『夏目友人帳』『化け猫あんずちゃん』『ラーメン赤猫』 “猫”が2024年夏のアニメを席巻
猫たちが“日本の夏”を思い起こさせる理由とは?
アニメにおける猫たちの魅力は、その自由奔放さだけにとどまらない。彼らは、私たちの心に深く刻まれた夏のノスタルジックな風景とも不思議とマッチするのだ。 「子どもの頃の夏」という言葉から連想されるような、のどかな田舎で無邪気に過ごす情景。そんな風景に、猫の姿がすっと溶け込んでいく様子は、どこか懐かしさを感じさせられる(田舎に祖父や祖母がいたわけではない筆者ですら、不思議とそう思わせられるほどに)。

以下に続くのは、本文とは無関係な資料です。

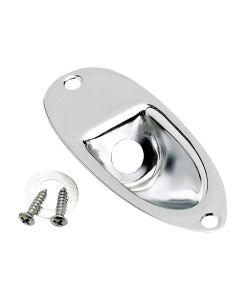 Fender Genuine Replacement Part Stratocaster recessed jack ferrule plate, chrome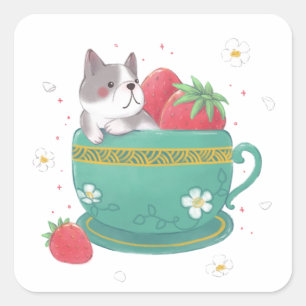 Adesivo Quadrado Ilustração do Bulldog Francês, Morangos e Taça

風鈴の鳴る縁側で丸くなる猫と、たそがれる人間。あくまで刷り込みのようなイメージではあるものの、やはりそうした画作りの意味でも猫の存在感は大きい。『夏目友人帳』は特に、少し切ない気持ちになるようなストーリーに加え、こうした夏の心象風景を強く思い起こさせる作品でもある。 最後に、これらの作品に共通するのは、猫を通して描かれる「つながり」の大切さだ。猫たちは、人と人とのつながりを自然な形で媒介し、物語に温かみをもたらしている。ひと夏ならではの家族との絆、新しい友達との出会い、見知らぬ土地での心温まる交流。それぞれの物語で猫たちがそれらを優しく包み込む。猫の存在は、人々の心の距離を縮め、新たな関係性を築くきっかけとなるのだ。 猫たちは、現実世界からアニメの中まで、私たちの生活のあらゆる場面に息づいている。その魅力に取り憑かれた人々が増え続ける中、「猫の時代」は今後も続いていくのだろうか。